• Supplied material:
────────
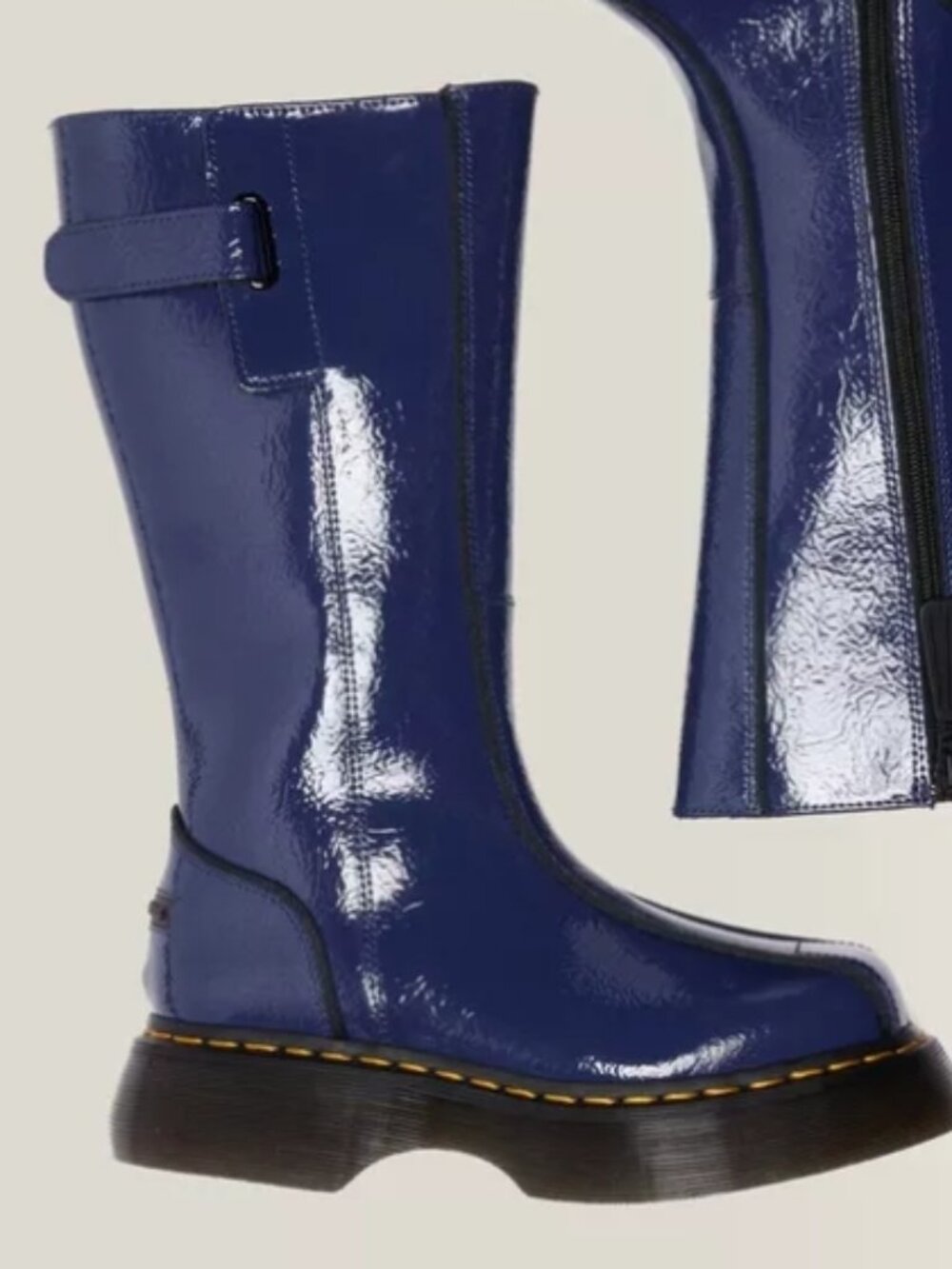 Dr Martens Buzz Hi Distressed Patent Leather Boots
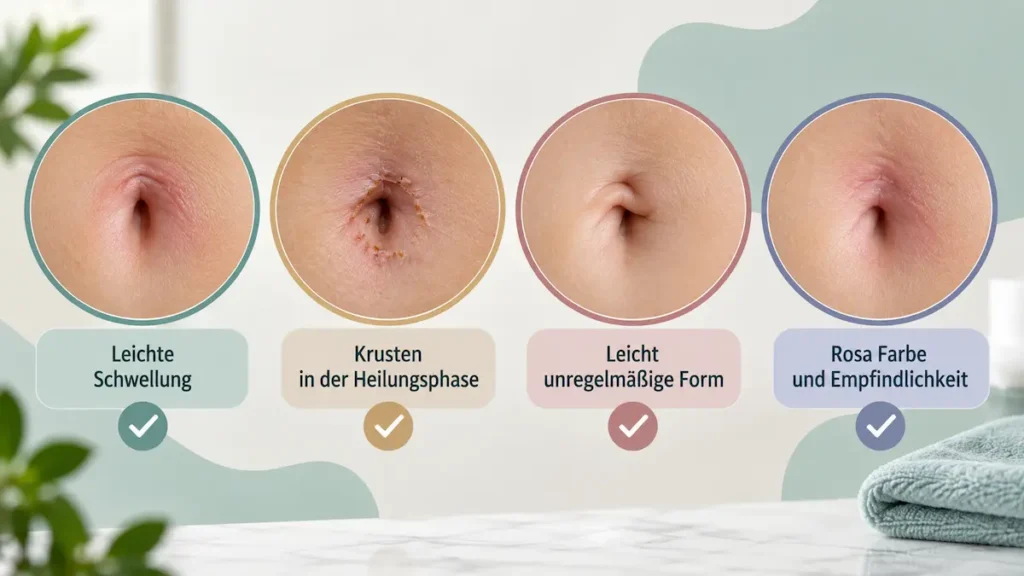Infografik zu normalen Veränderungen am Bauchnabel nach Bauchdeckenstraffung: Schwellung, Krusten, Form und Rötung.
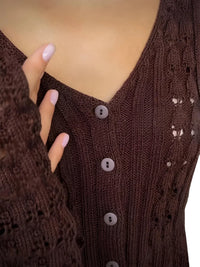 Thumbnail for Brown knitted cardigan with buttons on a neutral background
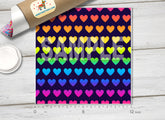 Rainbow Heart Patterned HTV 1338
────────
• Task prompt:
When you write out the data, keep every line exact and drop the pictures.

• Response:
 Dr Martens Buzz Hi Distressed Patent Leather Boots
Infografik zu normalen Veränderungen am Bauchnabel nach Bauchdeckenstraffung: Schwellung, Krusten, Form und Rötung.
 Thumbnail for Brown knitted cardigan with buttons on a neutral background
 Rainbow Heart Patterned HTV 1338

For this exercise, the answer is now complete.